Emma C, 1836 Historical Context

A Time of Transition

The year 1836 sits squarely at the end of eras and the beginning of new ones. The Georges of England were done, and the “Georgian” era would officially end at the death of King William IV with Queen Victoria’s coronation in 1837.  Andrew Jackson would exit the US Presidency for the newly elected Martin Van Buren in January 1837.  One world leader would end the “Regency” fashion era, and the other the “Jacksonian”.

America had expanded all the way from east to west coasts, and the “Texas Revolution” was fighting to establish the border in the southwest, with the Battle of the Alamo in 1836.  President Jackson would leave a legacy of an economic crisis in 1836 that would lead to a global financial crisis in 1837, that would affect trade, knowledge, innovation, and so fashion, for many years to come.

To understand this point in American history, and how 1836 fashion came to be, it is necessary to study a bit about the periods just before, during, and after that year.



In a world of peace & prosperity; return to a chivalrous & innocent time contrived by strong corsets & legal reform



Just when women reached for independence, the genteel “Ideal Woman” appeared to pull her hand back. The Romantic woman was demure, feminine, & lived to serve her man. Fashions of the era, modeled after swooning literary characters, enhanced the image. Meanwhile back in reality, countries were changing hands, legal reforms were improving women’s situation, & people were taking the train into town to the department store to shop.
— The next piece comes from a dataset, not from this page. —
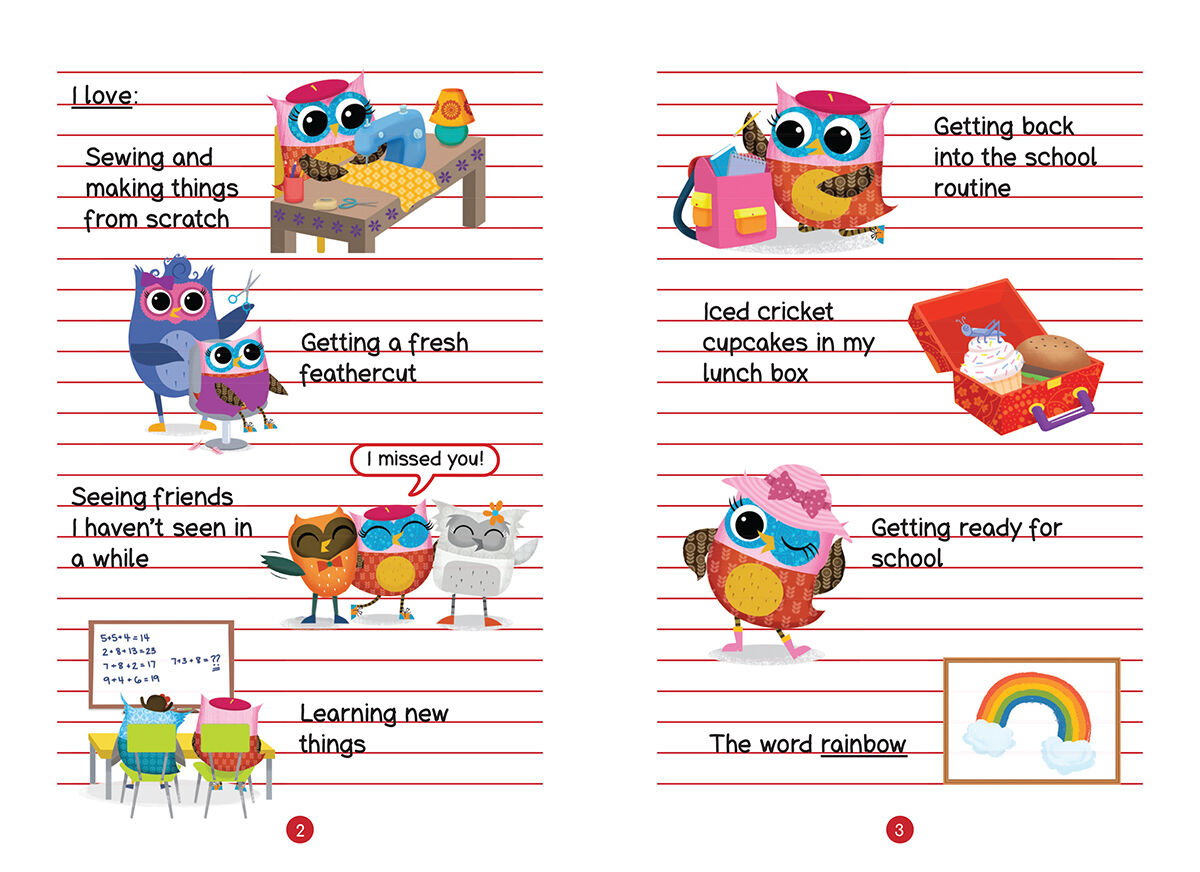 Thumbnail 3 Owl Diaries #21: Eva and the New Teacher 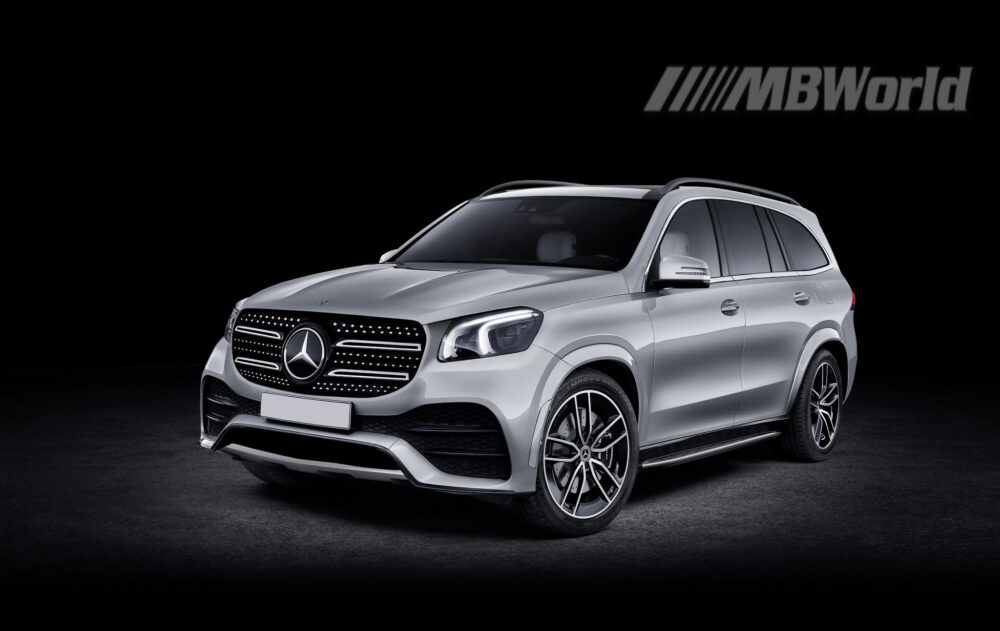 2019 Mercedes GLS 63 AMG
  • The end of the 1820’s saw the rise of Romanticism
  • The world was relatively peaceful & prosperous, at least compared to the prior 50 years of war & conquest on every continent
  • Women at this time had the most freedom they had yet in history
  • The era included freedom in manners & physical movement (e.g. travel) for all classes & genders
  • Women were establishing new roles
  • The 19th century was a time when hard work & not just your birthright could have you go from rags to riches or from a log cabin to the White House
  • Legal reforms, particularly in England & America regarding slaves, women, & criminals made a century full of heroines from Josephine to Queen Victoria to the Gibson Girl of the 1890’s
  • America was tracking election results & had developed bureaus for everything including Indian Affairs
  • Charles X was the last Bourbon king to rule France
  • Wealth was the common language of the century
  • Major countries that had been in conflict finally established peace treaties & agreed upon border lines
  • Russia set permanent boundaries in North America
  • Brazil, Mexico, Bolivia, & Uruguay all become independent after years of occupation
  • Liberia was established by freed American slaves as an independent country on the African continent
  • Siam & Britain were at peace at last, although Britain declared war on Burma
  • Britain & the Netherlands settled into a trade agreement after years of conflict
  • Tension in America between Native Americans was easing as Indians were settled on reservations
  • The removal of Cherokee from Georgia was of terrible consequence. The “Trail of Tears” ended Native American suppression as most tribes were moved west of the Mississippi
  • The princess of Java declared war on all non-Islams, & through the era would attack peaceful settlements of all nationalities
  • The Greek War of Independence continued conflict with the Turks


  • It was a time of yet more innovation. The removable collar was invented by a woman in New York
  • Inventions included the washing machine, tin can, first suspension bridge, portland cement, canals, friction striking match, & the combustible engine “Gas or Vapour”
  • Transportation boomed: canals were completed & the USS Vincennes the first warship to circumnavigate the globe
  • The first complete railroads for steam engine were finished in Stockton-Darlington, England, & Massachusetts
  • Organizations such as the Altheanaeum Club in England, the New Harmony “Utopian” settlement by a Scottish factory owner in Indiana, & the colony at Salt Lake City, Utah by Jedediah Smith & the Mormons, brought new concepts & philosophies of living
  • Many colleges & universities were established in the US & Britain
  • Lord & Taylor opened the first American department store in New York in 1826, & New York City opened the “5th Avenue” shopping district




  • Society as a whole was less restrictive in the early 1820s than it would be for the next hundred years
  • Women’s freedoms came from:
  • Technology that reduced their drudgery
  • Communication that allowed them to understand (if not yet participate) in world & local politics
  • The ability to participate in invention (& particularly science & manufacturing)
  • Freedom to express their thoughts
  • Economic stability – particularly of a strong middle class in America – & a type of affluence that was not necessarily comfortable, but was not limiting
  • The concept was being accepted that a woman could rise financially, socially, & spiritually through her own actions & efforts
  • Into this freedom, in the mid-1820’s entered the sobering concept of “Ideal Womanhood”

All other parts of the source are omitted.